# Your task:
Write the data below out exactly as it stands. Do not include the pictures.

# Data extract:
# # # # # # #
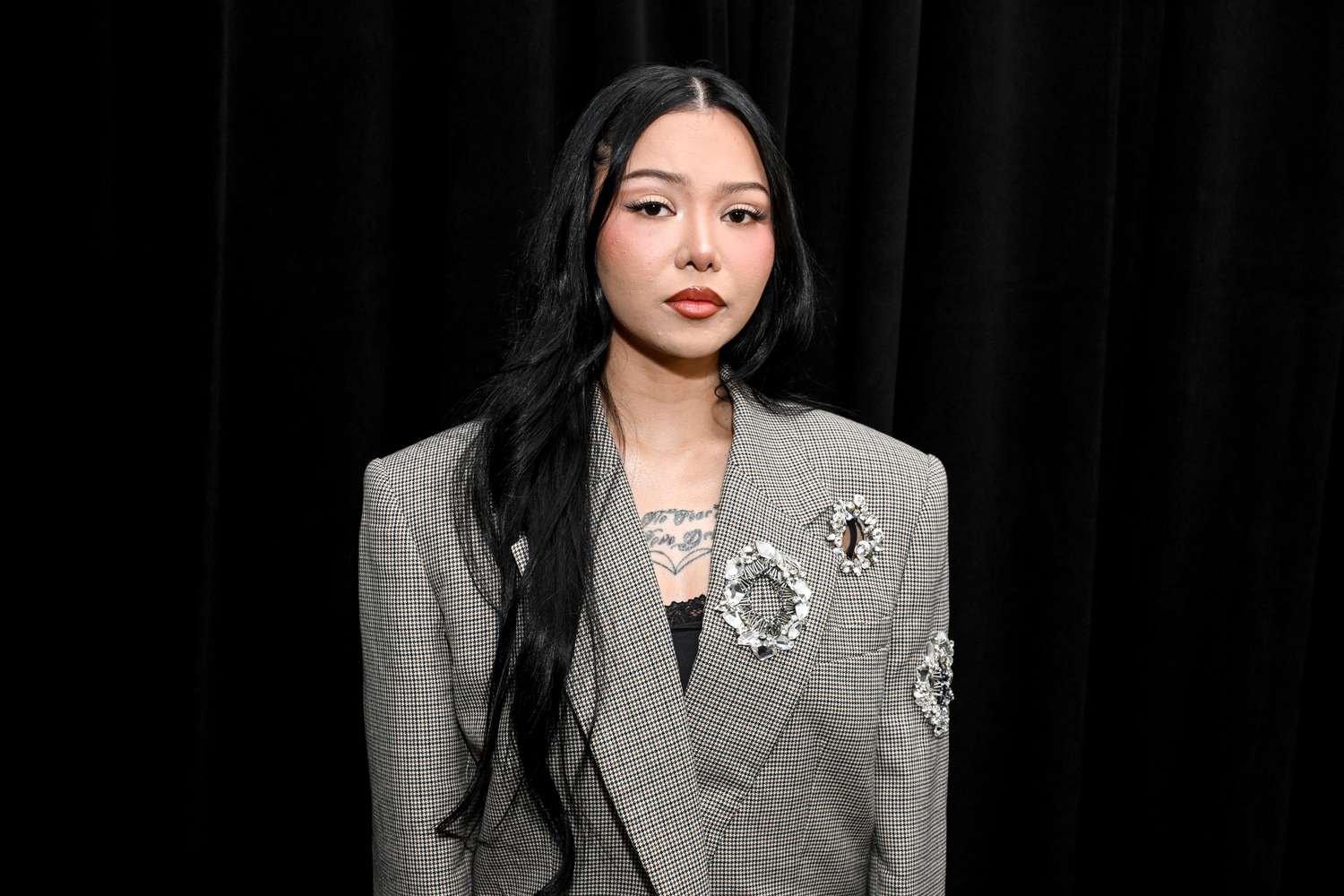 Bella Poarch posant pour une photo lors d'Area RTW Printemps 2025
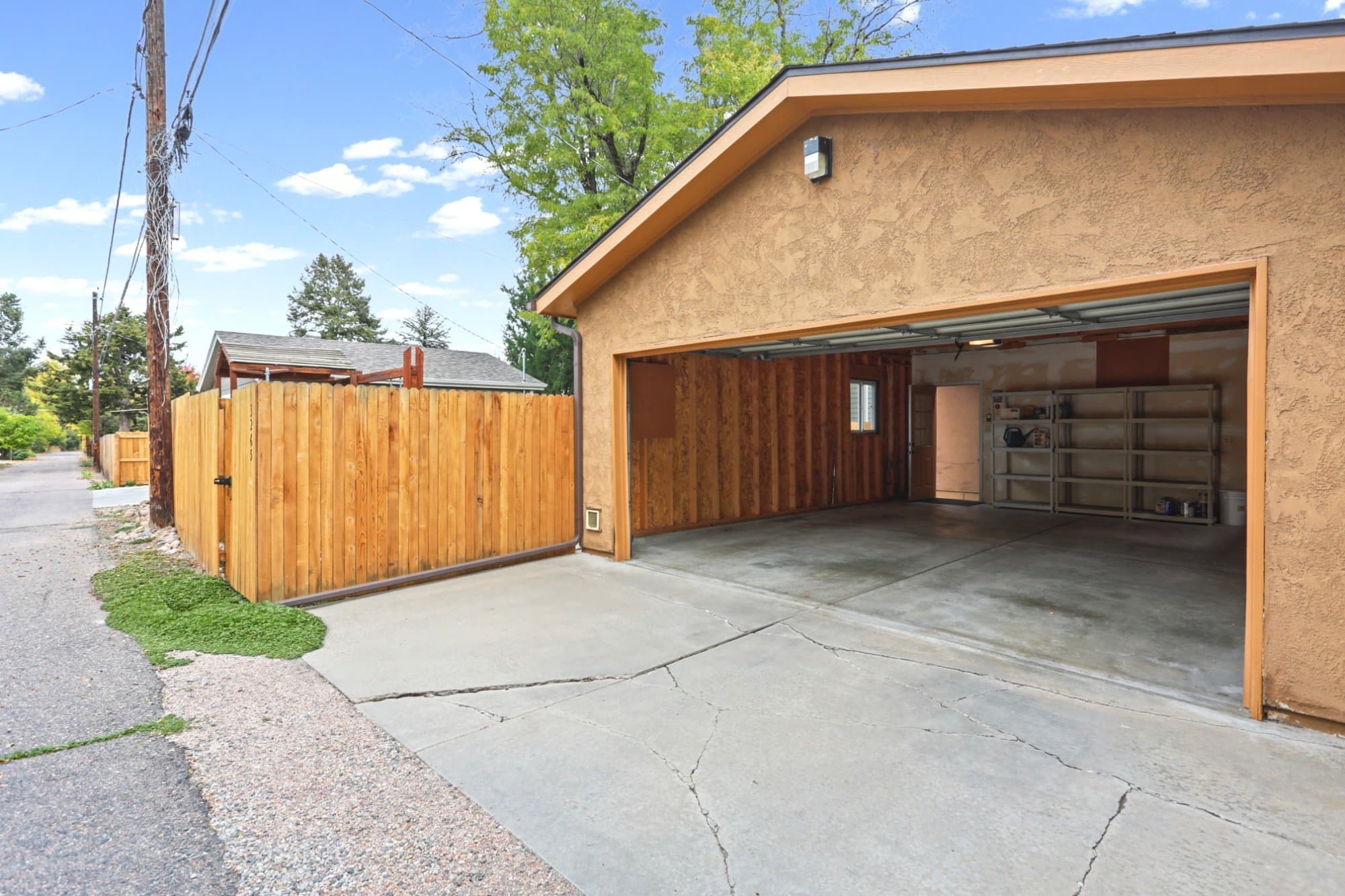 Denver House: 3265 S Ash St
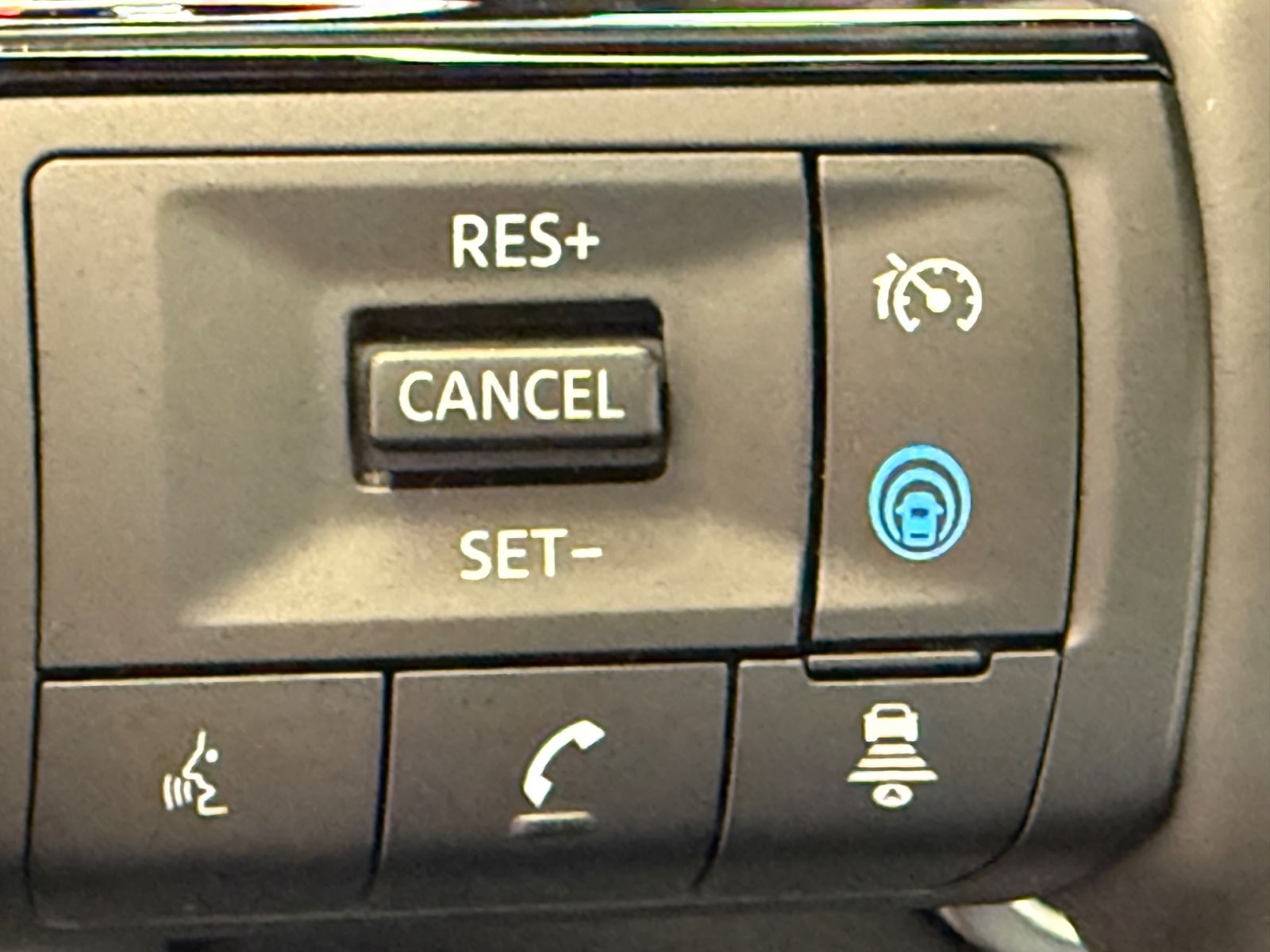 Fahrzeugabbildung Nissan Qashqai Tekna, 360° Kamera, Navi, WP, Panod.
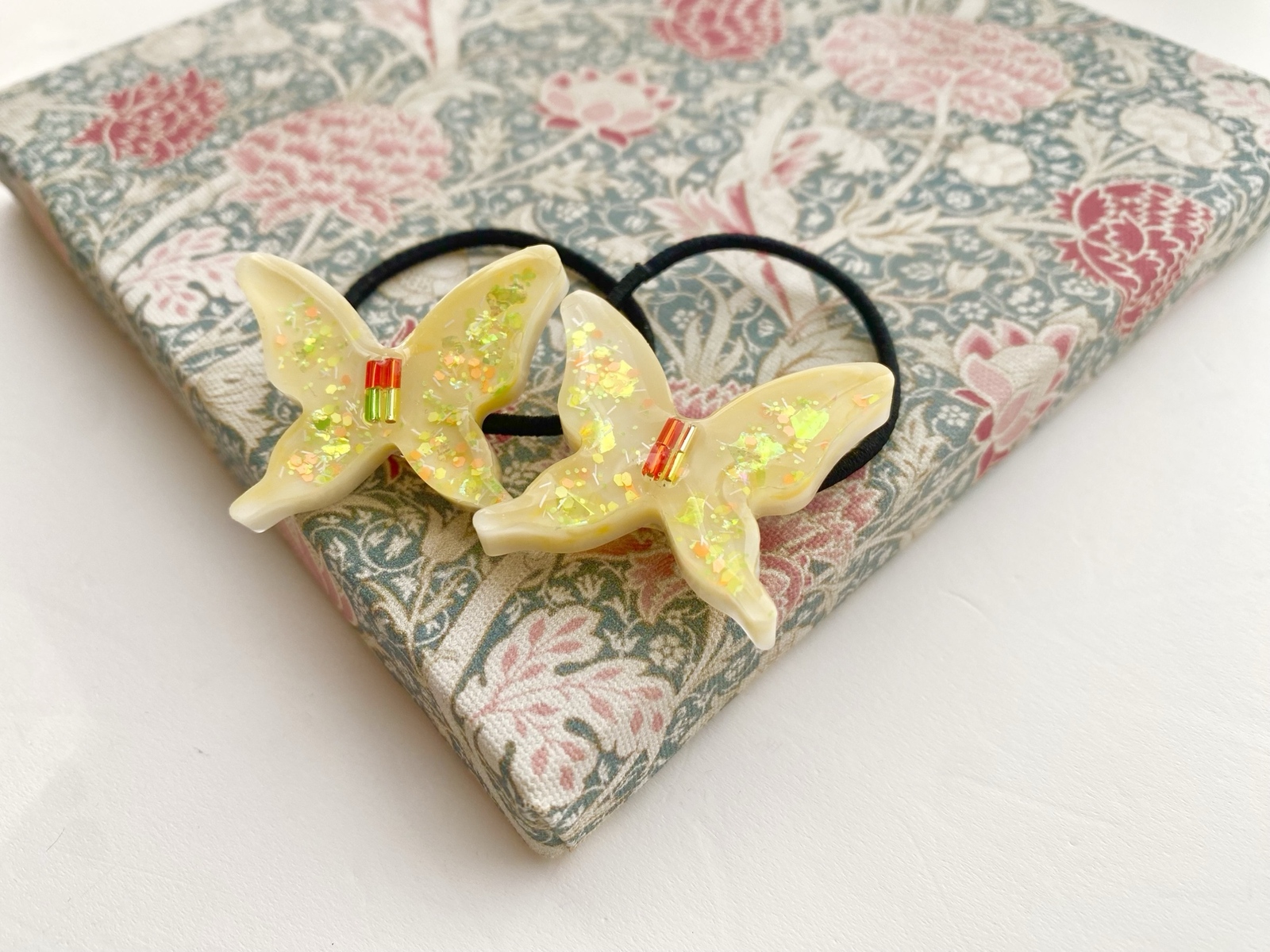 キッズ レジン butterfly ちょうちょ ヘアゴム 2本セット lime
# # # # # # #
# Result below:
 Bella Poarch posant pour une photo lors d'Area RTW Printemps 2025
 Denver House: 3265 S Ash St
 Fahrzeugabbildung Nissan Qashqai Tekna, 360° Kamera, Navi, WP, Panod.
 キッズ レジン butterfly ちょうちょ ヘアゴム 2本セット lime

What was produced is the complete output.